## ASSIGNMENT
Only the stretch of the listing below that runs from the line with "Adelina Women's Biker" through the line with "White_And_Pink_Cotton_Blend_Kurta_Set_Combo_For_Women_Pack_Of_2" is to be printed, exactly and with both ends.

++++ MATERIALS PROVIDED ++++

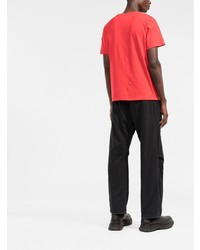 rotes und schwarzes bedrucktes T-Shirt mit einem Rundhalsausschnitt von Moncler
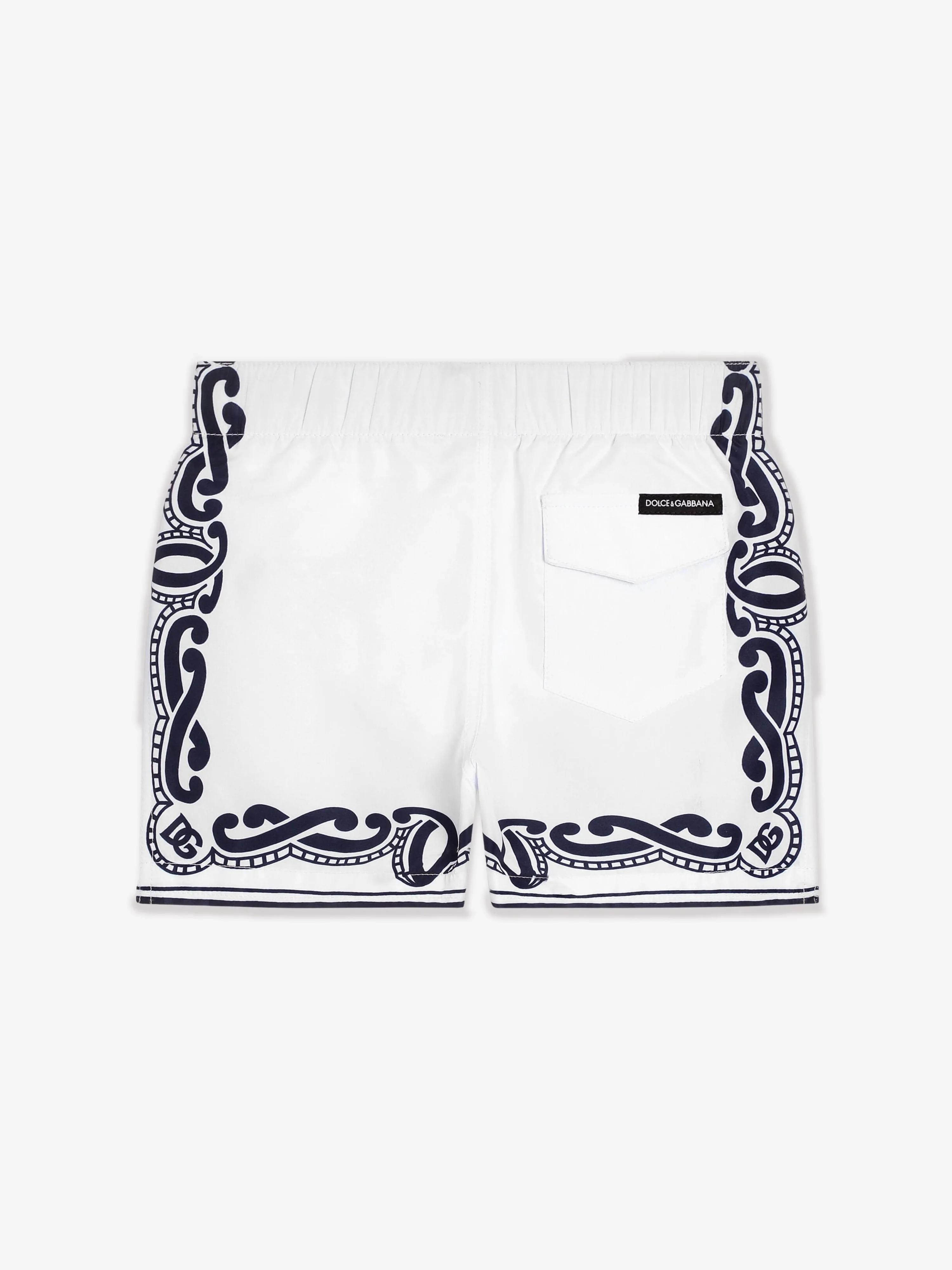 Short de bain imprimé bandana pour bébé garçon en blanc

++++
++++ MATERIALS PROVIDED ++++

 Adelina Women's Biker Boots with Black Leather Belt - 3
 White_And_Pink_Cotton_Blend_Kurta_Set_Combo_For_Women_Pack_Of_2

++++
++++ MATERIALS PROVIDED ++++

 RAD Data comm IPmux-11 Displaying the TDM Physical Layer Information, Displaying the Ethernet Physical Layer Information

++++

## SOLUTION TO THIS EXERCISE
 Adelina Women's Biker Boots with Black Leather Belt - 3
 White_And_Pink_Cotton_Blend_Kurta_Set_Combo_For_Women_Pack_Of_2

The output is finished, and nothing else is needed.